# Data extract:
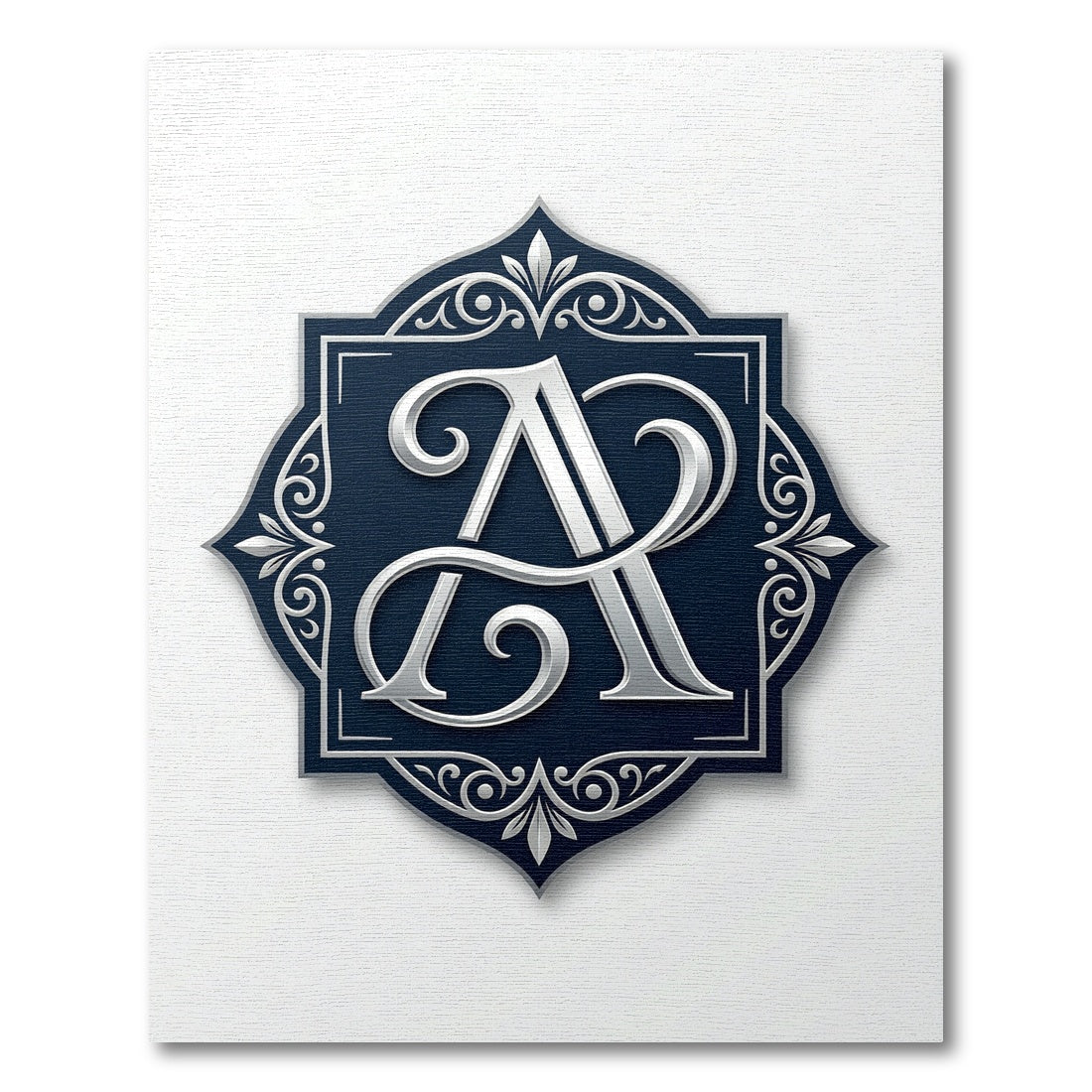 Ornate Navy Silver Monogram Emblem Rug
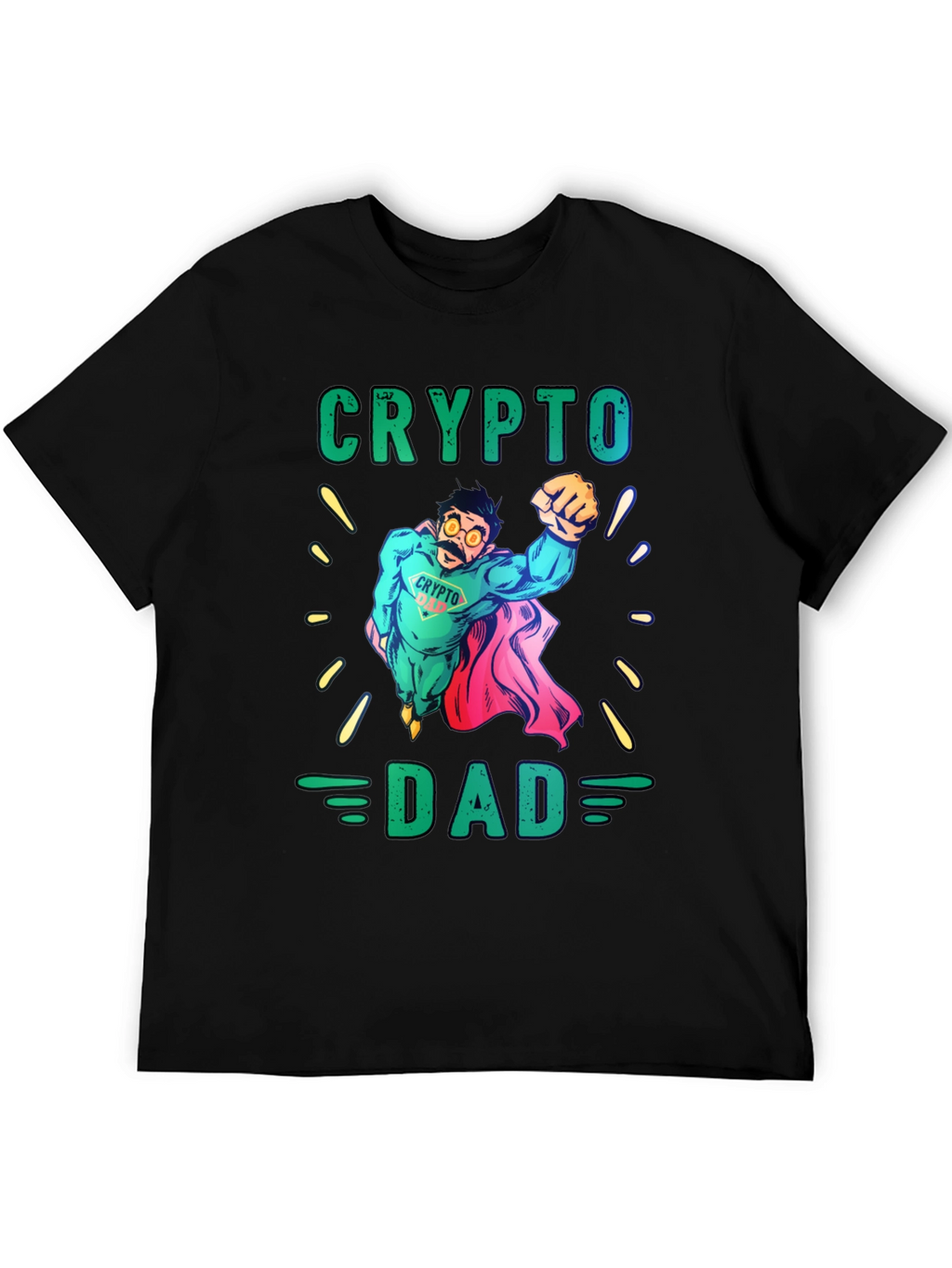Crypto Dad Superhero Graphic T-Shirt
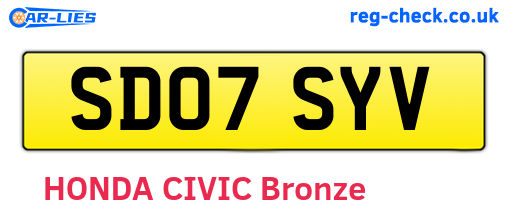 SD07SYV are the vehicle registration plates.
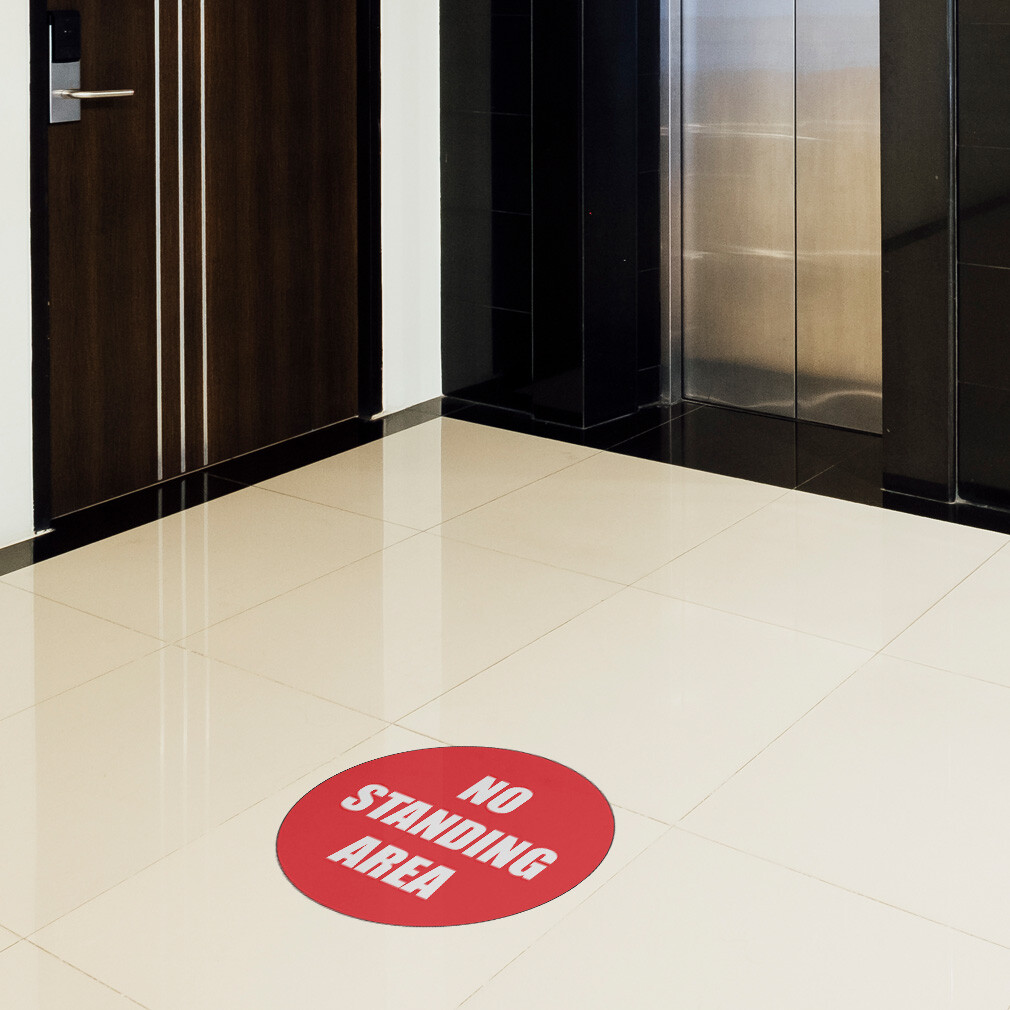 No Standing Floor Decals No Standing Area Red Anti-Slip Round Shape Lifestyle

# Action item:
Write the material above out again exactly as it reads, but don't carry over the pictures.

# Response:
 Ornate Navy Silver Monogram Emblem Rug
Crypto Dad Superhero Graphic T-Shirt
 SD07SYV are the vehicle registration plates.
 No Standing Floor Decals No Standing Area Red Anti-Slip Round Shape Lifestyle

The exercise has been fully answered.